When we wrote our Information Security video

we looked at what other people were doing, and you can see that a lot of training materials are very knowledge focussed. Yes there are things you need to know, but a lot of information security is about our attitude to it and therefore how we behave. We often become complacent about it, ‘security breaches happen to other people, not to me’. We asked the question, but what if it did? Is it worth the risk? So our take was to try and raise awareness of some of the risks and what could happen. It’s similar in the way that anti-smoking and drink driving campaigns works. Here’s a very strong health and safety example. This is not for the squeamish, it is shocking – but it is also very effective. Slippery floors – slips, trips and falls – kitchen accident .

As we were writing the information security script, we started thinking about mobile devices, especially smartphones and tablets. The use has grown very quickly and there’s a lot of overlap with everyday, office-based information security, but there are quite a few differences. The way information is synced up, for example, but the most obvious is perhaps that we carry these around all the time so the propensity for them to get lost or stolen is much greater. We’re not so used to thinking of phones in terms of information security. Attitude towards information security was still important, but there are things that I certainly wasn’t aware of – I just assumed that virus protection was taken care of, I hadn’t thought about getting something more secure than what came on the phone/tablet when I bought  it.
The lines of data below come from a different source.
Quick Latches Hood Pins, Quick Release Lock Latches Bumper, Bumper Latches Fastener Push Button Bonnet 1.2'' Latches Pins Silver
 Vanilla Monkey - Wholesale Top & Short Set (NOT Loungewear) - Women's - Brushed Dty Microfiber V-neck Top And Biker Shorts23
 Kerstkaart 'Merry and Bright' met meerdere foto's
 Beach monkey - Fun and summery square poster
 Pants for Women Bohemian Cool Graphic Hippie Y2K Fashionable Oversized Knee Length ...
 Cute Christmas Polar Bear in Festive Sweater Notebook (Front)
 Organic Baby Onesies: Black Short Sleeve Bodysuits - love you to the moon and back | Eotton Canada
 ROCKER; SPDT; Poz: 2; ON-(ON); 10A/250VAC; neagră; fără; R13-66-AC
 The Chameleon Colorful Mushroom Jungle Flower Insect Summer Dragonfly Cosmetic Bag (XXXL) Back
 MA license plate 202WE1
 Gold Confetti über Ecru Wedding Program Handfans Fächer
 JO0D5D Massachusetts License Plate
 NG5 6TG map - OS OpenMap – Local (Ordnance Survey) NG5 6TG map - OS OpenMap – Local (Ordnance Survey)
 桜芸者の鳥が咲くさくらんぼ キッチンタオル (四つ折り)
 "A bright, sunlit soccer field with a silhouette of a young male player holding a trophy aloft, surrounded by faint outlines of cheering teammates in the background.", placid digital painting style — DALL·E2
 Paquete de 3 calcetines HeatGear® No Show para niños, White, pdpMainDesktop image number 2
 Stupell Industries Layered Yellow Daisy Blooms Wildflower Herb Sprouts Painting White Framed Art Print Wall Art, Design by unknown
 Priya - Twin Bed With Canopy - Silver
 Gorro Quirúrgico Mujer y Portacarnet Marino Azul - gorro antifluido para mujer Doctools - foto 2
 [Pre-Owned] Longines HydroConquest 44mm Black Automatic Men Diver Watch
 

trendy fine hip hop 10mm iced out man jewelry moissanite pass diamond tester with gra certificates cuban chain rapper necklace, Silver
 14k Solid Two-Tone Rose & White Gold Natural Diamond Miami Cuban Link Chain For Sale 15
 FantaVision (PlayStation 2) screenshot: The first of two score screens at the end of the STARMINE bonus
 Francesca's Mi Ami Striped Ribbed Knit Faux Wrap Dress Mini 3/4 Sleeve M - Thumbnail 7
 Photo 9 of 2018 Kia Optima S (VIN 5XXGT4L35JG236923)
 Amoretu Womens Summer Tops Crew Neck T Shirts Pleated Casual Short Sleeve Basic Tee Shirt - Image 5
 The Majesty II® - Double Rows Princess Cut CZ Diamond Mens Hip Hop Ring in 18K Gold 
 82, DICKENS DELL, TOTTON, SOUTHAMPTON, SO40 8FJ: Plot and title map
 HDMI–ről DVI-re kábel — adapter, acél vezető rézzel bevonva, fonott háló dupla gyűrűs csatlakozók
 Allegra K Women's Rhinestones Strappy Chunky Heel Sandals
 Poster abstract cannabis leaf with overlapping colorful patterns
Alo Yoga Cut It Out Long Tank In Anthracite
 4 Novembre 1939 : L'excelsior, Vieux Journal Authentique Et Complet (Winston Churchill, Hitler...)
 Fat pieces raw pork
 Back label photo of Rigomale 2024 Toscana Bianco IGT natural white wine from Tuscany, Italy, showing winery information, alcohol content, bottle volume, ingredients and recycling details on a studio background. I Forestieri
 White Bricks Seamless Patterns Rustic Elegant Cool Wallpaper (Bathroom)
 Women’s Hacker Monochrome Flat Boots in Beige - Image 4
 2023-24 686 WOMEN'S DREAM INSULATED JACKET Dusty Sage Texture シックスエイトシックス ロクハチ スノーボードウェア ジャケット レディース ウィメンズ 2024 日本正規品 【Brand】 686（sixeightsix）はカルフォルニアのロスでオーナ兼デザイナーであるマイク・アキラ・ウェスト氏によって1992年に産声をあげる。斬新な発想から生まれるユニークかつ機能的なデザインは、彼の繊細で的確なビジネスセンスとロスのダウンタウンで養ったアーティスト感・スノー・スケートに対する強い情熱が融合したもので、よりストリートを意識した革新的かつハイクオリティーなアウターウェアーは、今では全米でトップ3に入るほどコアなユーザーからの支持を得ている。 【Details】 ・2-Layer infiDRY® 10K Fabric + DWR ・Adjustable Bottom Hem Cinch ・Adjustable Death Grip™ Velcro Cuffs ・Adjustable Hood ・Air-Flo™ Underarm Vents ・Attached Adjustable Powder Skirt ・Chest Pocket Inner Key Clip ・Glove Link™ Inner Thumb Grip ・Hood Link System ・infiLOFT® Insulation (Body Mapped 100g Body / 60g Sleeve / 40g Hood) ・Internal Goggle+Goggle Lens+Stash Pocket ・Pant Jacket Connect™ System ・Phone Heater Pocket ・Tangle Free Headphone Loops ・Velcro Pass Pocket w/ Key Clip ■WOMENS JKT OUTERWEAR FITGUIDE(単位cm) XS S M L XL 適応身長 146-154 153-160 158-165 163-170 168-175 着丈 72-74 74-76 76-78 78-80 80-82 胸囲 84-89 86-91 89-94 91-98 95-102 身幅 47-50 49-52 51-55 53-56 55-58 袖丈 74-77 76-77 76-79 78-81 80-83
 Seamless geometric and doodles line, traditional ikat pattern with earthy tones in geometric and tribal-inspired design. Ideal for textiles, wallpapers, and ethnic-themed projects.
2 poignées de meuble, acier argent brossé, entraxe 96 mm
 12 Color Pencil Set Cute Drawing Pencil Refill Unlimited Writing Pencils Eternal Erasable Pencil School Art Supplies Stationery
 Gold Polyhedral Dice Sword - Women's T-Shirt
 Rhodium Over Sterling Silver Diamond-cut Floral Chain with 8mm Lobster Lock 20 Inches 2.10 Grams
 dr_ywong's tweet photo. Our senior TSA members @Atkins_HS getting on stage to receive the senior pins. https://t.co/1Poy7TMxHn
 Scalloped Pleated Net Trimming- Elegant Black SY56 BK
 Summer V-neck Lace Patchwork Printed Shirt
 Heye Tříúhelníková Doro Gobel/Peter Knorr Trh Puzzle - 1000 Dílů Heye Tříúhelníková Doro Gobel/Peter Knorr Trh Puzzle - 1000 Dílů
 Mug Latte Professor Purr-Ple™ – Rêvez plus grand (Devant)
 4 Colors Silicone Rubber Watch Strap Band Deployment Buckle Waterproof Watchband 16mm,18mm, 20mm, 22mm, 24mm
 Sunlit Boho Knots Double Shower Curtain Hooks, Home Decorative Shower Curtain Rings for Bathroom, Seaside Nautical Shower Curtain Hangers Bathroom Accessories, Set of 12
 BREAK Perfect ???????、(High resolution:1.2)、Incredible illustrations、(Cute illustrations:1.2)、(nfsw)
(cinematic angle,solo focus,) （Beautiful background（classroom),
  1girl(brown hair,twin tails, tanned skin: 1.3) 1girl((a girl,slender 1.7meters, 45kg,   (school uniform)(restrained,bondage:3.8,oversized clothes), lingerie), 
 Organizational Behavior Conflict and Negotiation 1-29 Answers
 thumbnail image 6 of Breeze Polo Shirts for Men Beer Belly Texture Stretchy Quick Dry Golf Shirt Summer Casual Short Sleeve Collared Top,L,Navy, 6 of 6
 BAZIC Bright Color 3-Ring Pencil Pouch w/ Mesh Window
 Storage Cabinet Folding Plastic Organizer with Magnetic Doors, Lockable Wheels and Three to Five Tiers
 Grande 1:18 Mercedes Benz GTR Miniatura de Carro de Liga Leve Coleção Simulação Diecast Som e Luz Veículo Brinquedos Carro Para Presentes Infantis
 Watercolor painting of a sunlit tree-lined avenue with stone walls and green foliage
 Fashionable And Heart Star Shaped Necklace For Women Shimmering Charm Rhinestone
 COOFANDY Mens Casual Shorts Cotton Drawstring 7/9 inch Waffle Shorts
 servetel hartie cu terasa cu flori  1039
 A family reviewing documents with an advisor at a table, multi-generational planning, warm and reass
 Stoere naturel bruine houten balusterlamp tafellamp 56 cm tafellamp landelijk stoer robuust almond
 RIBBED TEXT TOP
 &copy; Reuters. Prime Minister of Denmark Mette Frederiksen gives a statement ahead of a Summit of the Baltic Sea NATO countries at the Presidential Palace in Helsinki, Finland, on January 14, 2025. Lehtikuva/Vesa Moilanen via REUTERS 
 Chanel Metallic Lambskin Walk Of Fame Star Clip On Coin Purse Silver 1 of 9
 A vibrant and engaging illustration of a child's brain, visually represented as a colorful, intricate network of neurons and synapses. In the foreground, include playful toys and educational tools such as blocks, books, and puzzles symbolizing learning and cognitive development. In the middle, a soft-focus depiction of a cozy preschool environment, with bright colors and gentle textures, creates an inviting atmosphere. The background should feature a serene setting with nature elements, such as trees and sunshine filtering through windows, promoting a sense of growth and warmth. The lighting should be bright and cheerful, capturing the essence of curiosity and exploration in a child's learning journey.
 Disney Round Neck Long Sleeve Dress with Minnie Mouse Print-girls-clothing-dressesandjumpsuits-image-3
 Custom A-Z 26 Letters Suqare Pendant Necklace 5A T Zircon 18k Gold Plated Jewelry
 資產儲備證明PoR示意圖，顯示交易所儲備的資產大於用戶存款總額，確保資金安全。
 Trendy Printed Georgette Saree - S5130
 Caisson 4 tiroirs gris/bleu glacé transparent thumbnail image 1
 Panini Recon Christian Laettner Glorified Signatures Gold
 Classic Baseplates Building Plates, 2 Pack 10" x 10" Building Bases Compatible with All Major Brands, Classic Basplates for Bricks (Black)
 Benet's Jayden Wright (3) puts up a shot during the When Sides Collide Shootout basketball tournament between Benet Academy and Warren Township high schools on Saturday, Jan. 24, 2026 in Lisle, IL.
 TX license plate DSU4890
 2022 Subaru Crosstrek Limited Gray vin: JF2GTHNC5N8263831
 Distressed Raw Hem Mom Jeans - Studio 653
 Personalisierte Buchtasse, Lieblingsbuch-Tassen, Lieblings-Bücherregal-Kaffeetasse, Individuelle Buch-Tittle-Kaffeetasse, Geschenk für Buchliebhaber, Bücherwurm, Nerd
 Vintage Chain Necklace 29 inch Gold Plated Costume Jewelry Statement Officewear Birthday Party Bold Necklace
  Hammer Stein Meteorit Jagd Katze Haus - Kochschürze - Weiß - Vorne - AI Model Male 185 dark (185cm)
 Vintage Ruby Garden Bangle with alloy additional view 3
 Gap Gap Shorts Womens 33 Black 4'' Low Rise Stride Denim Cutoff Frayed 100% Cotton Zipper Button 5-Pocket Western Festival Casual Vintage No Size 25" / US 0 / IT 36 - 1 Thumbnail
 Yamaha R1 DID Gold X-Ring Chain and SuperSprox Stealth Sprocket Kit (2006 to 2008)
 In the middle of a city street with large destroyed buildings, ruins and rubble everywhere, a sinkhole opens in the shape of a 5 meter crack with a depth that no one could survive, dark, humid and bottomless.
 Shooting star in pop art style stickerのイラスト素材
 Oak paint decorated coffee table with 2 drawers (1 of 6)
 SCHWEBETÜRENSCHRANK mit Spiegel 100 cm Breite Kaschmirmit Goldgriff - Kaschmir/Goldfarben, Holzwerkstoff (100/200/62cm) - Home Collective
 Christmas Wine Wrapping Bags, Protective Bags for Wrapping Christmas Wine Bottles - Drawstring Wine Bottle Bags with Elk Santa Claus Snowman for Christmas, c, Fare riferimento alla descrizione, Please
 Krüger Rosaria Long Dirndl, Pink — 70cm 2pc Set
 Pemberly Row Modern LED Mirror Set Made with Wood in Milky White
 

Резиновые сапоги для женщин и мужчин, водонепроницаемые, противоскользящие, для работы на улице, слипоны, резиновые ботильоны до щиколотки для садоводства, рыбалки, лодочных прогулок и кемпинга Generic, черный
So two similar videos in many ways, but looking at KASA helped to inform the emphasis.

A lot of people use what they call SMART objectives. Here’s why I don’t. They were designed for project management and they’re great for that. Project management and learning are in my view very different things. Most commonly SMART stands for Specific, Measurable, Achievable, Relevant and Time-bound. However, on Wikipedia there are eleven alternatives for the ‘A’, thirteen for the ‘T’ – so do people really know what others are talking about? You say ‘achievable’, I say ‘assignable’.

‘Achievable’ is a good example of why they’re unsuitable for learning. If you’re designing learning, especially elearning, you often have to guess at what’s achievable – it’s more a stab in the dark which is maybe all you have, but not particularly useful. Is there anything that’s not achievable in learning terms?

Smart and measurable yes, A and R (whatever they stand for) I don’t find helpful, and the time-bound seems to fly in the face of the Anytime/Anywhere mantra that’s so often used in elearning.

Why do I think objectives are so important? We seem to be constantly bombarded with the ‘next big thing’. At the moment it seems to be gamification. People talk passionately about it, but if I’m honest I don’t get it. Ever since I started teaching we used games in the classroom, there were books for of games for teaching, memory games, guessing games, discussion games, simulations  – all sorts of things. So far, I’ve not heard one person say we’ve got a difficult issue we need to address and here’s the game we’re going to use to help get that over. There’s a lot of talk about engagement and making it fun, but I’d be asking myself first why learners are disengaged and bored with the materials they’re getting.

A recent Towards Maturity survey said that a lot of learners found materials uninspiring. It seems to me that the reaction to this it to look at the delivery methods and try and make them more interesting. My experience is that it’s not so much the way the materials are presented that makes them uninspiring, but the content. An example of what I mean is the phrase, ‘… and remember, [insert your own topic here] is everyone’s responsibility’. I’ve seen it so many times and, as a learner, it raises my affective hackles every time.

Writing good meaningful objectives is one of the hardest things I’ve found when preparing materials. They’re often overlooked, or quickly concocted based on the material that’s covered in the course – i.e. not real learning objectives. For me, however, they provide the foundations for any training materials and are essential to the process.